🤖 AI Summary
This paper identifies a fundamental tension in recommender algorithms between “pleasure”—reinforcing existing preferences to maximize user satisfaction—and “freedom”—exposing users to novel interests to expand cognitive horizons—formally articulating the “pleasure–freedom” dilemma for the first time. Drawing on philosophical phenomenology, algorithmic sociology, and human-centered AI value alignment, it analyzes four mechanisms through which algorithms reshape user experience: (1) hyper-convenience optimization, (2) datafication of authenticity, (3) serendipity-oriented exposure, and (4) identity reconfiguration. The study advances the design of recommender systems to ontological and identity-political dimensions, proposing an ethical framework for personal identity formation in the digital age. It introduces actionable dimensions for recommender ethics assessment, establishing theoretical benchmarks and design principles to balance satisfaction with cognitive diversity—thereby enabling a paradigm shift toward responsible, human-aligned recommendation.
📝 Abstract
Today's AI recommendation algorithms produce a human dilemma between euphoria and freedom. To elaborate, four ways that recommenders reshape experience are delineated. First, the human experience of convenience is tuned to euphoric perfection. Second, a kind of personal authenticity becomes capturable with algorithms and data. Third, a conception of human freedom emerges, one that promotes unfamiliar interests for users instead of satisfying those that already exist.
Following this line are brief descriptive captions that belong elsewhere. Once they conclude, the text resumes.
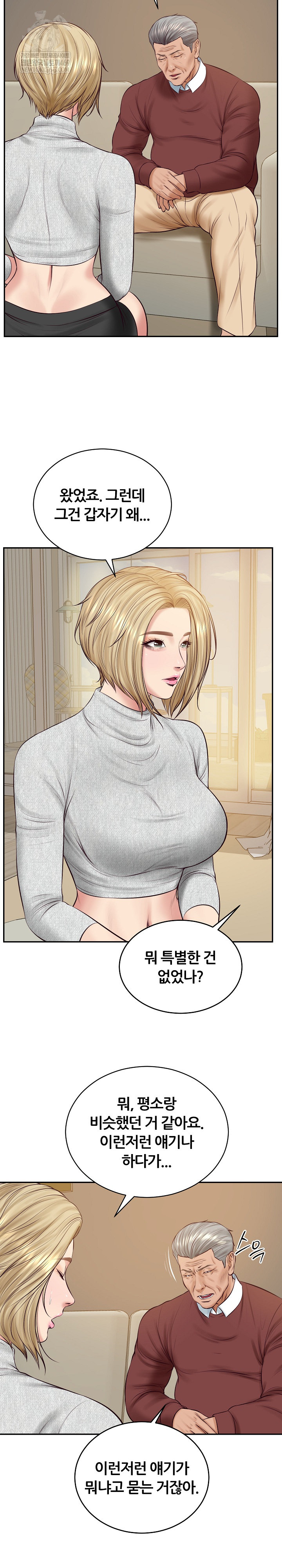 The Billionaire’s Monster Cock Son-In-Law Raw - Chapter 87 Page 12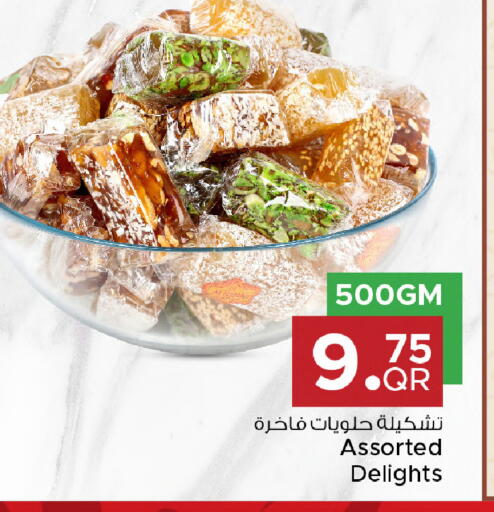 available at مركز التموين العائلي in قطر - الدوحة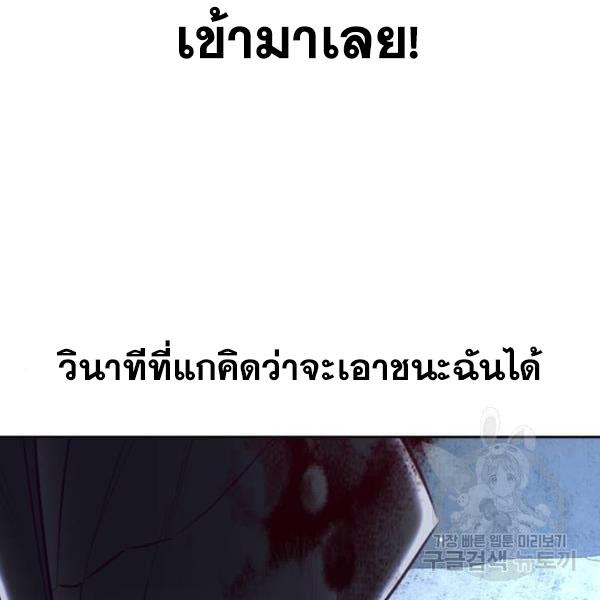 Page 265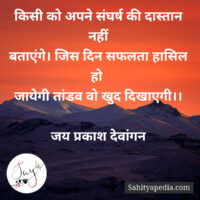 किसी को अपने संघर्ष की दास्तान नहीं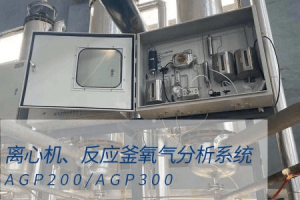 氧含量在线监测在预防反应釜离心机事故的应用措施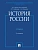 Высшая школа, литература для ССУЗов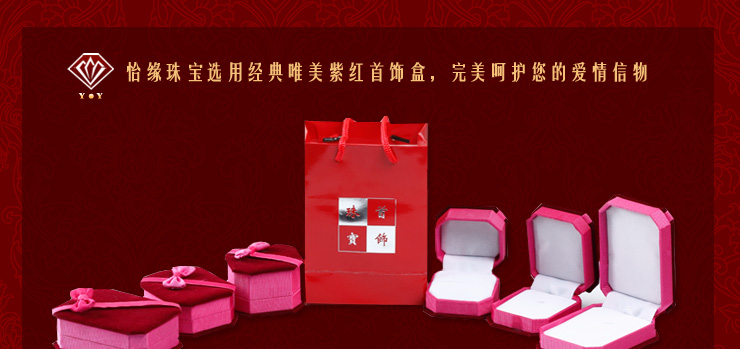 怡缘珠宝24K男士女士光面黄金戒指 纯999千足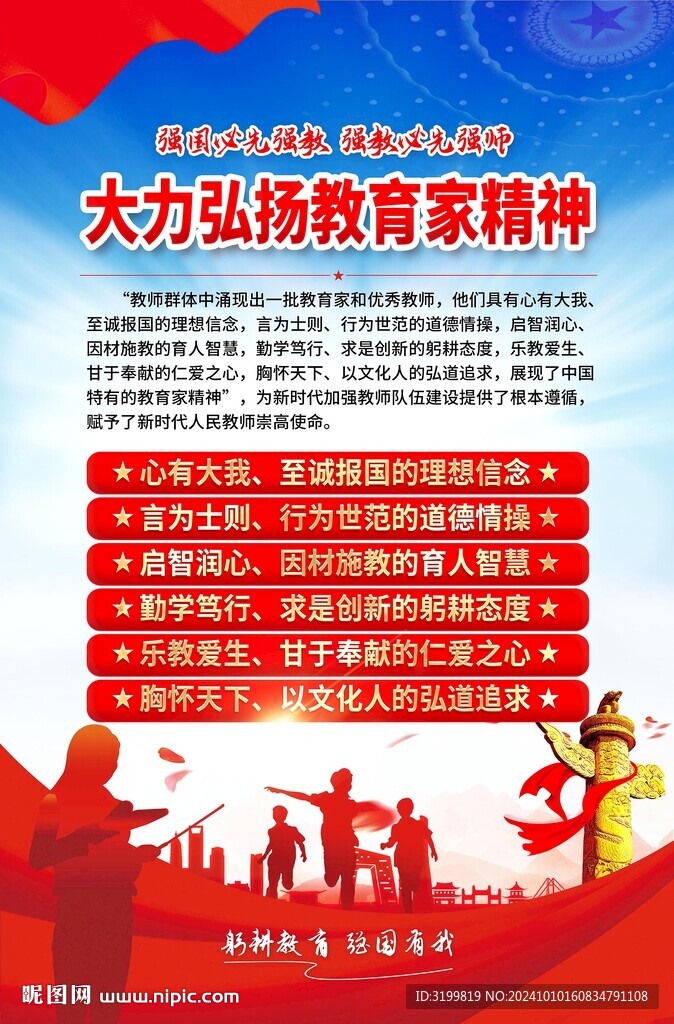 大力弘揚(yáng)教育家精神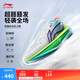 李寧Ultra Light超輕2025超beng科技籃球鞋男鞋透氣專(zhuān)業(yè)比賽運動(dòng)鞋 標準白/熒光黃綠-8 【春日】 43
Finally, a new human dilemma is posed between two types of personal identity. On one side, there are recommendation algorithms that locate a user's core preferences, and then reinforce that identity with options designed to resemble those that have already proved satisfying. The result is an algorithmic production of euphoria and authenticity. On the other side, there are recommenders that provoke unfamiliar interests and curiosities. These proposals deny the existence of an authentic self and instead promote new preferences and experiences. The result is a human freedom of new personal identity.